The narrative follows characters who are a part of each class and two outsiders (groups of people who refuse to abide by the system) who join together to defend Earth. Each character has their own motivation that both fleshes out this futuristic world and allows the reader to get fully immersed into the storyline.
These multiple perspectives can get a little overwhelming at times. Seven different character perspectives are a lot to keep up with. Many of them cross paths and follow the same action sequences. Fortunately, Black manages to avoid being redundant by making each action sequence grand enough so that one part of the battlefield is vastly different from another. He also introduces mecha-warfare into his story that reminds me of the fights in “Gundam Wing,” but different enough that I don’t feel like I’m watching the anime. Instead, it makes me think fans of the anime will enjoy the novel’s portrayal of mecha-fights.
This production makes the battles truly epic, proving Black’s novels belong in the epic science fiction genre.
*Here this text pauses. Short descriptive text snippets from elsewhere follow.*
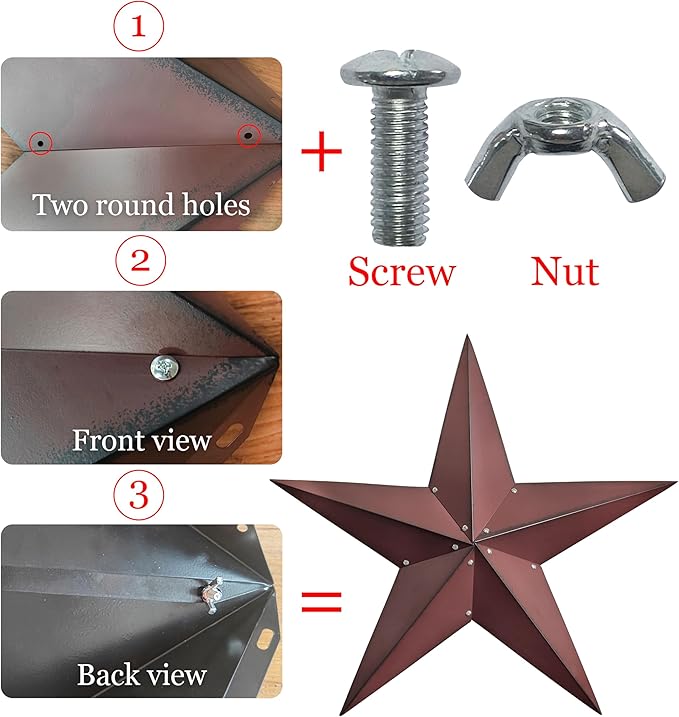 VIVICOMFY 24" Rustic Metal Barn Star Wall Decor-Handmade Red Barn Stars Indoor or Outdoor Decoration,Star for Outside Texas Stars Art Vintage Western Country Home Farmhouse Wall art Décor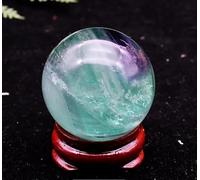 VEKETE Figura Decorativa De Escultura De Piedras Preciosas,Esfera De Adivinación De Cuarzo,Cristales De Bola De Fluorita De Colores Naturales De 3cm Con Base,Sin Base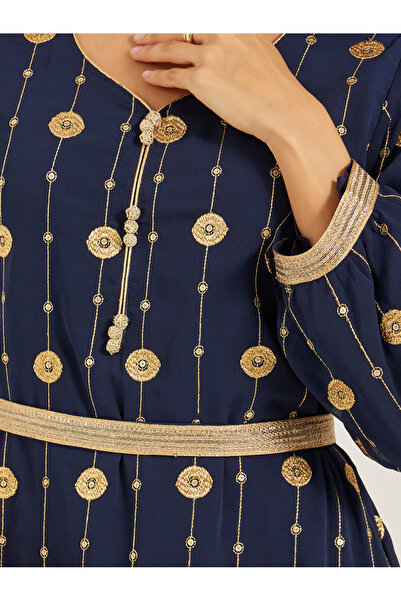 Maxim Creation By Styli Embroidered V-Neck A-Line Kaftan with Belt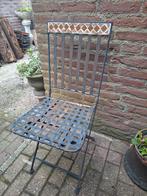Metalen Tuinstoel met Tegelaccent, Tuin en Terras, Tuinstoelen, Ophalen, Gebruikt, Metaal, Inklapbaar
At only 544 pages, this book is on the small side for an epic, but it doesn’t matter as you’ll be hastily flipping through pages to see what happens next.
Speaking of warfare, Black does a great job describing the battle from both the frontlines and the homefront. His portrayal of a military government is fascinating as is his never-ending theme on old versus new. His characters are brilliant and reminiscent of beloved sci-fi stories like Ender’s Game. He pushes romance to the side in favor of other storytelling elements which was a nice change of pace. His book is not about pleasing people, but about telling a good story with well-developed characters. His depictions of mecha used for fighting and working simultaneously with those practiced in the art of thelemity are seamless. You can fluidly move between one and the other and still follow along the plot.
Ninth City Burning is clean enough for teenagers, but also complex enough to keep adults engaged. This wide audience makes this book perfect for anyone in need of a good science fiction novel. He isn’t reinventing the genre, but making his own claim by creating a story that is entirely his own. I find this originality very refreshing.
This is the first in a series so I can’t wait for the sequel!